The inner shelf is an area of profound beauty, teeming with life and supporting critical fisheries and other commerce. This sliver of coast is also distinct from the rest of the shelf. Shallow waters that crash onto the beach are driven by pounding waves, and deeper waters beyond the inner shelf are moved by winds that create currents. Yet the inner shelf is its own kind of Wild West, where the force that rules the region – waves, wind or tides – is open for debate.

Dozens of scientists – including those from the College of Earth, Ocean, and Atmospheric Sciences – have recently joined forces in a state-of-the-art experiment, called the Inner Shelf Dynamics Project, aimed at studying the inner shelf. Funded by the Office of Naval Research for $11 million, the project is the culmination of years of planning, collaboration, and determination. It builds on findings of a previous continental shelf project, connecting scientists and engineers past and present.

Oceanographers expressed considerable interest in the inner shelf in the 1990s, when a scientist at Woods Hole Oceanographic Institution, Steve Lentz, wrote papers about its importance in the coastal ocean. There was concern that lack of knowledge about the inner shelf would jeopardize the rest of coastal science. The inner shelf is an intermediary between the shoreline and the deeper waters, a region where water flows back and forth driven by strong currents and is a key part of coastal circulation as a whole.

The increasing popularity of computational models in the late 1990s created a new impetus to study the inner shelf. Scientists were developing high-resolution coastal models to predict currents and temperature, invariably making assumptions about the workings of this dynamic region. But it was incredibly difficult to test the models without real-life data. To do that, scientists would need to face notoriously inhospitable conditions.

Most oceanographers steered clear of doing experiments on the inner shelf, and for good reason. Even the deeper reaches of the inner shelf, at 150 feet, are on the edge of manageable for mid-sized research vessels. Smaller boats can safely operate in the middle depths, but they historically lacked the instrumentation needed for open-ocean research.

These problems plagued coastal oceanography for the past several decades, when studies abounded just offshore of the inner shelf, and in shallower water using tripods and piers, but not in the awkward middle. Despite Lentz’s call for action, the inner shelf remained a mystery.

A glimpse

Professor Jack Barth has been an oceanographer at Oregon State University for 30 years. The Inner Shelf Dynamics Project is his second foray into studying the complexities of the inner shelf.

His first experiment was almost 20 years ago. He moored a line of instruments to the ocean floor off the coast of Oregon as part of the Partnership for Interdisciplinary Studies of Coastal Oceans (PISCO) program. He and his collaborators managed to put in moorings as shallow as 25-feet deep using small boats. The data looked promising, but Barth wasn’t satisfied.

“We would get a glimpse, like okay, this looks like an interesting spot. But we had no idea what the real three-dimensional picture looked like,” Barth says. “It was frustrating.”

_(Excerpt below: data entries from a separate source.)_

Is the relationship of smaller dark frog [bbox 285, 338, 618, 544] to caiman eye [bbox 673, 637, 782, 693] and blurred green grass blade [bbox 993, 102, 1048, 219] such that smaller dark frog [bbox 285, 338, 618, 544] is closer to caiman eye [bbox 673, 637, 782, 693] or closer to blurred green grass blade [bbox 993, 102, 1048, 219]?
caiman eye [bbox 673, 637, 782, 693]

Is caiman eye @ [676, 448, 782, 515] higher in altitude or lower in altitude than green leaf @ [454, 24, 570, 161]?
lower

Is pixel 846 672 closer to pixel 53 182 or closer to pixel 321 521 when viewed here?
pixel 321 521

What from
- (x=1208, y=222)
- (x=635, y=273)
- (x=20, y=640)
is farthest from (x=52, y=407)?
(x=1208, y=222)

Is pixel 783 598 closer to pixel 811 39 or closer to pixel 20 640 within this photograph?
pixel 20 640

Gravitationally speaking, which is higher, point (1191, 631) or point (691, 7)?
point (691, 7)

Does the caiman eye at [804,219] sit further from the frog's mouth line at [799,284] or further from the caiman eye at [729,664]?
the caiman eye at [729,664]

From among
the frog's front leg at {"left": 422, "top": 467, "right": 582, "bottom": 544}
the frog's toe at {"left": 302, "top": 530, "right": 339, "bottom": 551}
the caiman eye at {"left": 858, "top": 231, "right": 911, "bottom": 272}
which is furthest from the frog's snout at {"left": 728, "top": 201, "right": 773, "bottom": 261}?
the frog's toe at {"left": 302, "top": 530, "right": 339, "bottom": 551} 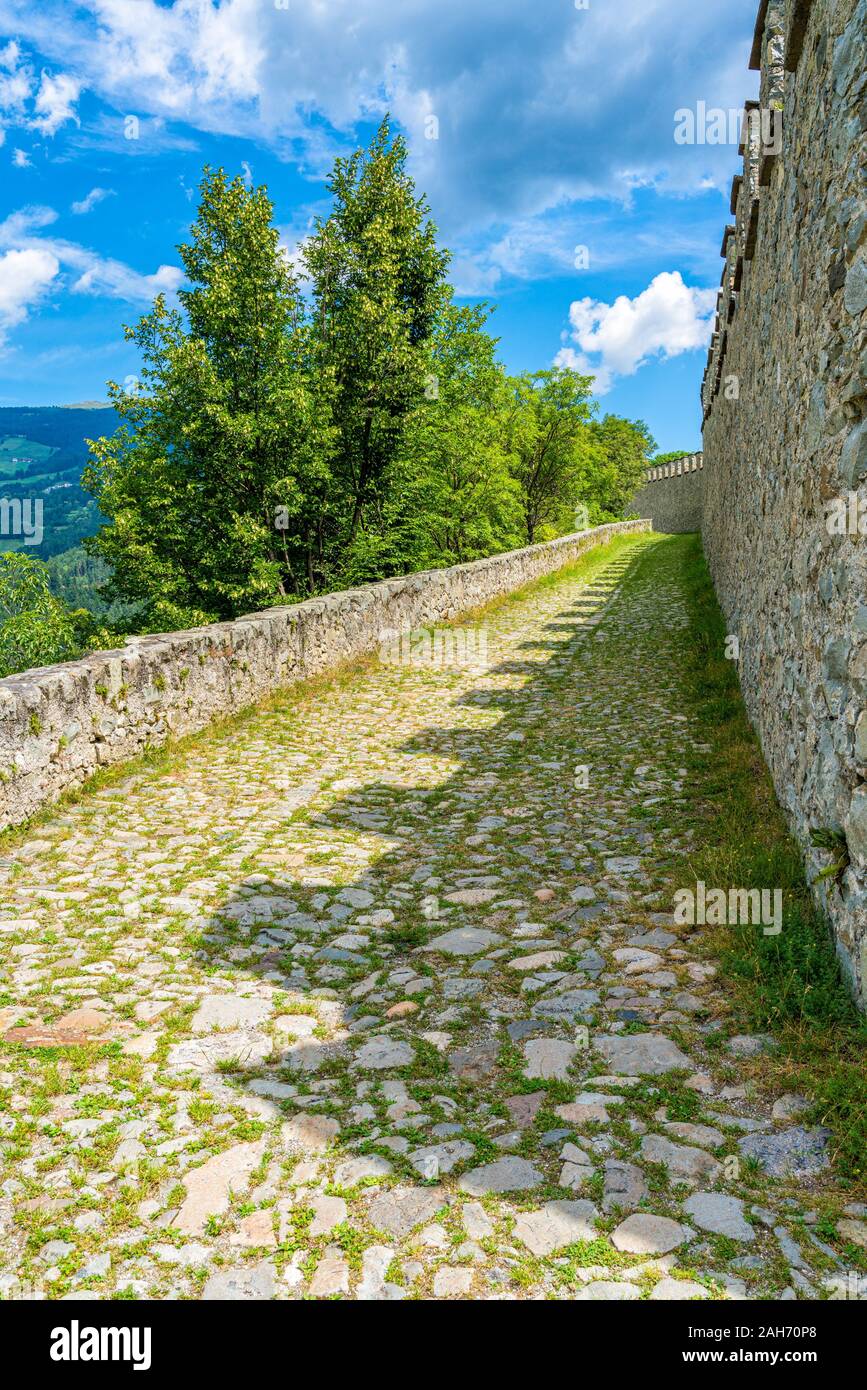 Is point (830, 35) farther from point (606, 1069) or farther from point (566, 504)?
point (566, 504)

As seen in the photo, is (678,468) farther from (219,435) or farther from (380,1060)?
(380,1060)

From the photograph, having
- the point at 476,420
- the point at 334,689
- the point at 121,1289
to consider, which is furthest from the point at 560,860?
the point at 476,420

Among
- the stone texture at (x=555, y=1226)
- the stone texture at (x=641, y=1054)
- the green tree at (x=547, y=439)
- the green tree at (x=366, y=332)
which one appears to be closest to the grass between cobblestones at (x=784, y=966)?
the stone texture at (x=641, y=1054)

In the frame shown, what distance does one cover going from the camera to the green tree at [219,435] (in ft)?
53.0

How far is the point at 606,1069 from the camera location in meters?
3.15

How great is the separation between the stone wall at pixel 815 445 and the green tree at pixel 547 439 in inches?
1014

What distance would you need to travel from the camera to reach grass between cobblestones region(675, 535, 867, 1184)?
111 inches

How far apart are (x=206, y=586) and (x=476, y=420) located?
11082 mm

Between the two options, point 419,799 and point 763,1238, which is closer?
point 763,1238

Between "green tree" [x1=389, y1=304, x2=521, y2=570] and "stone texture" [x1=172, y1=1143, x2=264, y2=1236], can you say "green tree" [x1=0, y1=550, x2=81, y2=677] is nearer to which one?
"green tree" [x1=389, y1=304, x2=521, y2=570]

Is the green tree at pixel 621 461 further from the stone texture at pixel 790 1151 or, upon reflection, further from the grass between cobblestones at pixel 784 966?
the stone texture at pixel 790 1151

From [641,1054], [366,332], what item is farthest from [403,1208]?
[366,332]

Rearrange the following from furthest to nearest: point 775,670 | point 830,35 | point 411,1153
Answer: point 775,670 → point 830,35 → point 411,1153

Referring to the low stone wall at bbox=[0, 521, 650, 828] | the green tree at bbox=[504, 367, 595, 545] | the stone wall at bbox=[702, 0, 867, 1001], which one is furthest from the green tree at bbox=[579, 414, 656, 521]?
the stone wall at bbox=[702, 0, 867, 1001] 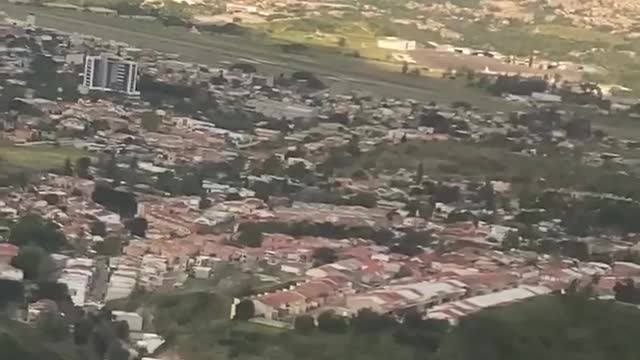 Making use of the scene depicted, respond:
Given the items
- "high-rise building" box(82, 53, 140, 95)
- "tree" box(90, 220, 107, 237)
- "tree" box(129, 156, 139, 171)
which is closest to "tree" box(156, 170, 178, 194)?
"tree" box(129, 156, 139, 171)

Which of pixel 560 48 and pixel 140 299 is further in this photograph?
pixel 560 48

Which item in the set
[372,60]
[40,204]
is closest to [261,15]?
[372,60]

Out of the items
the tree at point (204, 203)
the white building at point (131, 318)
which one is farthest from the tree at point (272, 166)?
the white building at point (131, 318)

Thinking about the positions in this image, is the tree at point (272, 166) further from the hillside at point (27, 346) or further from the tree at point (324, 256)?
the hillside at point (27, 346)

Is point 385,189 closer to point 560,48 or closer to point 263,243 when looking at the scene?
point 263,243

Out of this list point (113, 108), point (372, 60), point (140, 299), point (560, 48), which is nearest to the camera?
point (140, 299)

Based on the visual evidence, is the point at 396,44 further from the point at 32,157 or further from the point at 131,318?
the point at 131,318

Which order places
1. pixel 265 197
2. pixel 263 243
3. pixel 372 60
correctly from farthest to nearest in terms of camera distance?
pixel 372 60 → pixel 265 197 → pixel 263 243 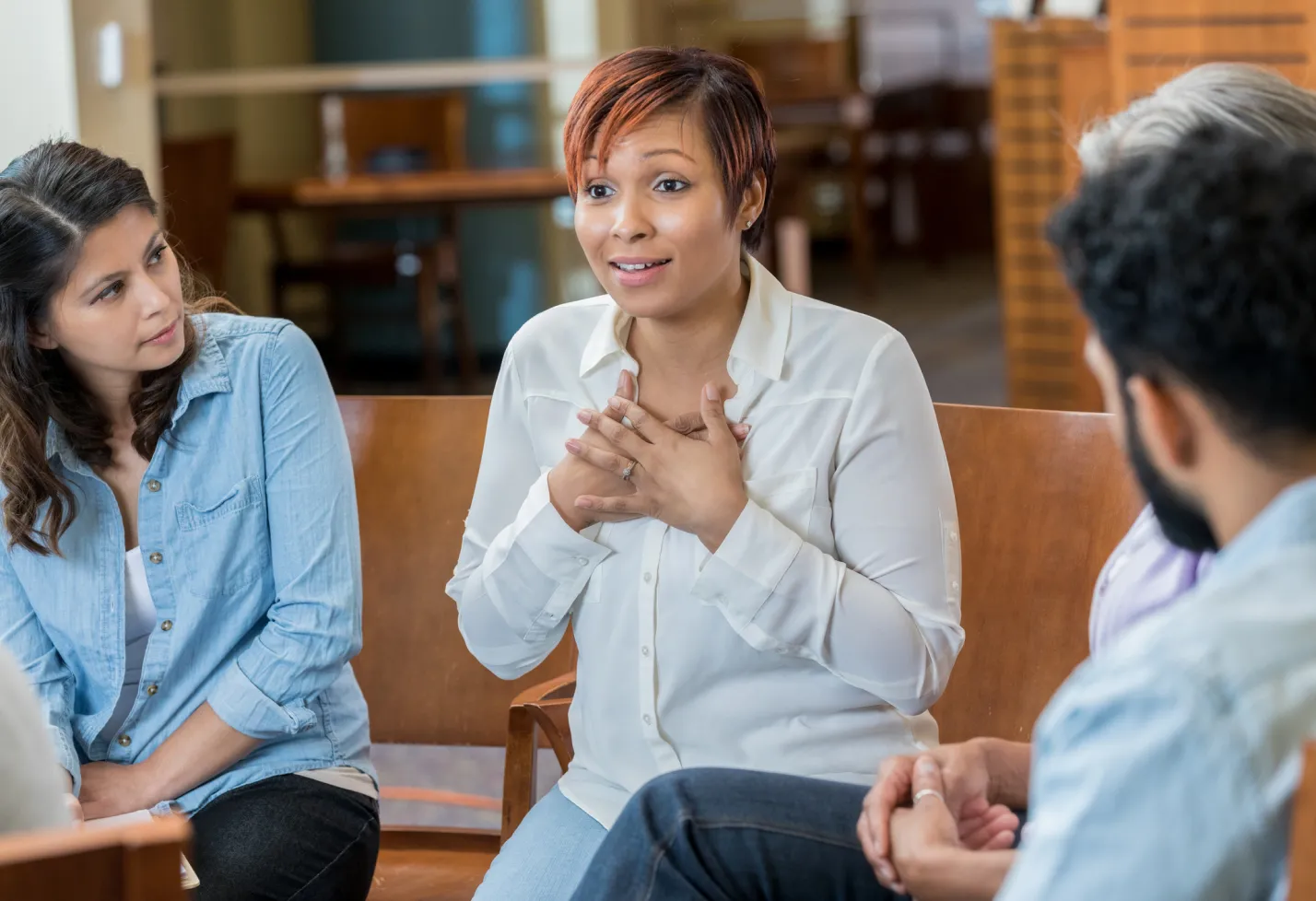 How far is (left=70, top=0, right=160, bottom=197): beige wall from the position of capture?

But in the following decades, technologies started to improve. Scientific instruments began to allow researchers to measure ocean currents using a single, shoe-box sized device moored to the ocean floor or bolted to the bottom of a boat. The acoustic Doppler current profilers, referred to as ADCPs, send out a pulse of sound and measured the backscatter, using the differences in frequency to calculate the speed of the water.

This improvement led to a swath of new possibilities. Suddenly, smaller boats could mount backscattering current profilers to their tiny frames and traverse the inner shelf, taking data. The mass-production of cheap temperature sensors helped too, making it affordable to string together instruments and moor them to the ocean floor for months at a time. The technological improvements were making the inner shelf more and more reachable.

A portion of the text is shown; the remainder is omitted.